This piece was originally published in Grist and appears here as part of our Climate Desk Partnership.
Over the years, Phillips 66 and Cenovus Energy, the companies that own the Wood River Refinery in Roxana, Illinois, have been sued by both the state and federal government for polluting the air and discharging toxic wastewater into the Mississippi River. In 2018, they settled one such lawsuit, agreeing to spend about $10 million to upgrade and monitor the refinery’s leaky vents, as well as an additional $500,000 to clean up low-income homes and buildings contaminated by lead in nearby counties where young children and pregnant women may have been exposed. The upgrades were designed to protect residents in Roxana, who had lived in the shadow of the refinery and been exposed to toxic emissions from the plant for years.
But just a year after a district court judge signed off on the agreement, the company recently notified the Environmental Protection Agency (EPA) and other agencies involved in the settlement that it had suspended all work on the lead abatement program. In fact, it may not be able to comply with many of the terms in the agreement, it wrote to the agencies. The reason? The COVID-19 pandemic.
“The idea of delaying lead abatement is concerning because people are spending more time at home, so they’re getting more exposure.”
“The idea of delaying lead abatement is concerning because people are spending more time at home, so they’re getting more exposure [to lead],” said Debbie Chizewer, managing attorney at the environmental nonprofit Earthjustice’s Midwest office in Chicago.
Over the past two decades, the EPA has entered into hundreds of consent decrees with local municipalities and polluting businesses across the country. These court-approved settlement agreements require them to do things like conduct routine inspections, install equipment to capture air pollutants, and clean spills and leaks. Often the settlements include million-dollar penalties and “supplemental projects” to clean up and prevent contamination.
But consent decrees also typically include so-called “force majeure” clauses, which allow parties to avoid penalties for being unable to fulfill their obligations due to unforeseeable circumstances. This could be a natural disaster—or, say, a global pandemic.
With government-ordered shutdowns the norm as the novel coronavirus ravages the country, many of those cities and businesses are now looking to “force majeure” provisions in their consent decrees and asking the EPA and Department of Justice (DOJ) for leniency when evaluating whether they’ve violated their terms. Grist obtained two such requests to the EPA, one from Phillips 66 and another from the city of Dallas, through open records requests.
While experts agree that the COVID-19 pandemic unquestionably qualifies as a force majeure event, they’re worried that unscrupulous polluters may use it as an excuse to avoid complying with the agreements, even when they’re able to.

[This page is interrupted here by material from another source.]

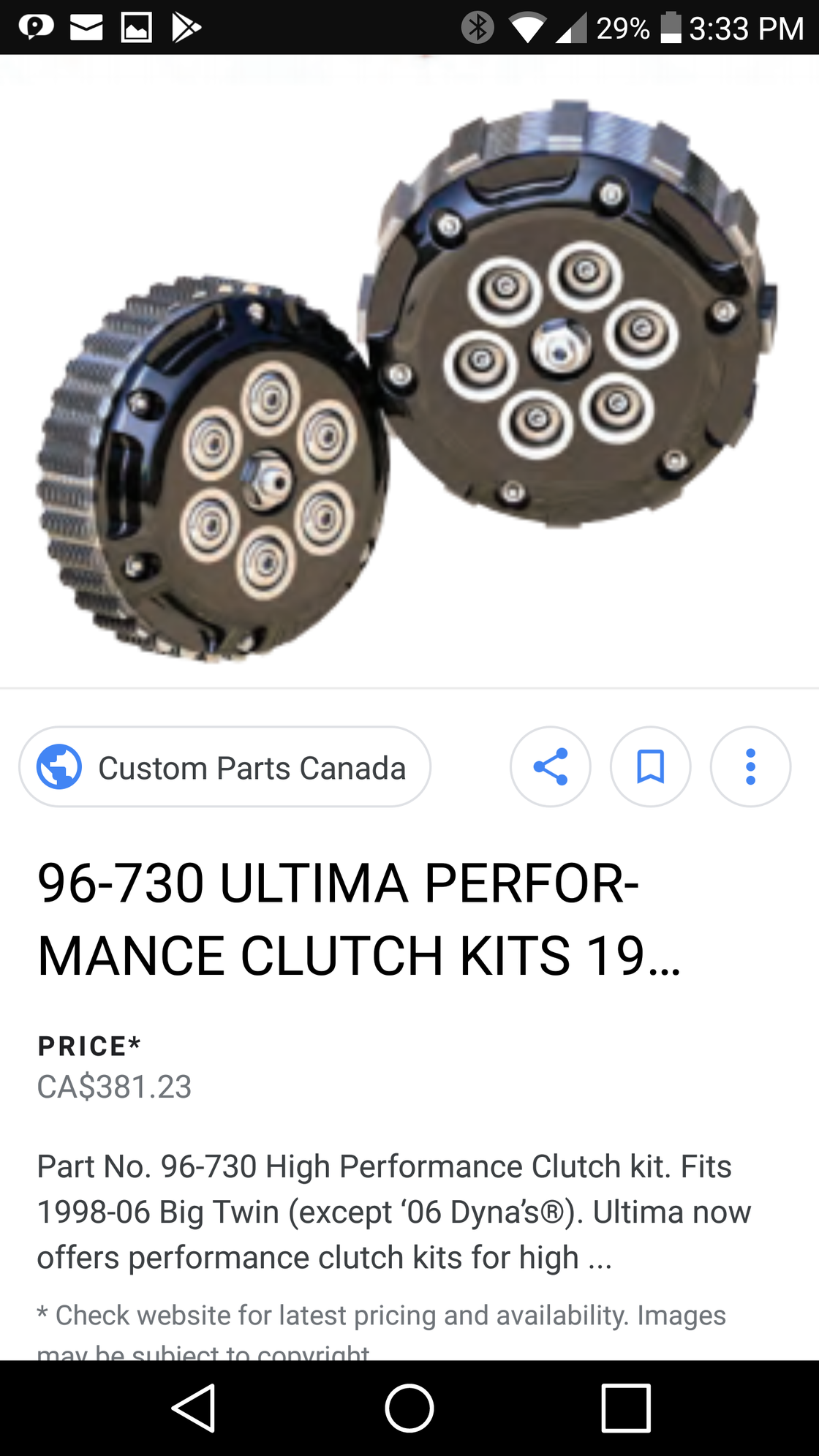 Ultima performance clutch Harley Davidson Forums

Those polluters may feel that they have an ally in the EPA. The agency’s enforcement discretion policy, released on March 26, was widely criticized by environmental and public health advocates for broad language that appeared to imply that businesses did not have to comply with a number of reporting and compliance requirements during the pandemic. The policy specifically addresses consent decrees, stating that “EPA staff will coordinate with DOJ to exercise enforcement discretion with regard to stipulated penalties for … routine compliance obligations.” Those obligations, the agency said, included monitoring, testing, and sampling for any number of air and water pollutants, as well as laboratory analysis, training, and certification obligations.
“We had a concern about this [provision],” said David Baron, managing attorney at the environmental nonprofit Earthjustice. “It implies that EPA doesn’t view these requirements as critical, and that’s just not the case. To say that that’s just a routine requirement, that it does not deserve vigilance on EPA’s part, is just not responsible.”
Phillips 66 first sent the EPA, DOJ, and Illinois attorney general a letter in March, outlining a slew of violations that it might commit in the coming months due to the pandemic. The company may not be able test its stacks for pollutants or conduct analyses at its labs if its staff and contractors are affected by quarantining measures, it said. The refinery may emit larger volumes of pollutants if it’s forced to shut down and restart due to supply interruptions or staffing shortages. It may not be able to measure benzene, a carcinogenic compound, at the refinery’s fenceline if a contractor is unavailable, it warned.
“This list is not intended to be all inclusive,” an attorney for the company wrote.
The Justice Department didn’t buy the company’s argument. On April 2, a DOJ attorney wrote that the company’s request wasn’t specific enough as it “does not identify any particular Decree requirements for which compliance would be delayed.” The department said it would defer judgement on the force majeure claim until receiving more information from the company.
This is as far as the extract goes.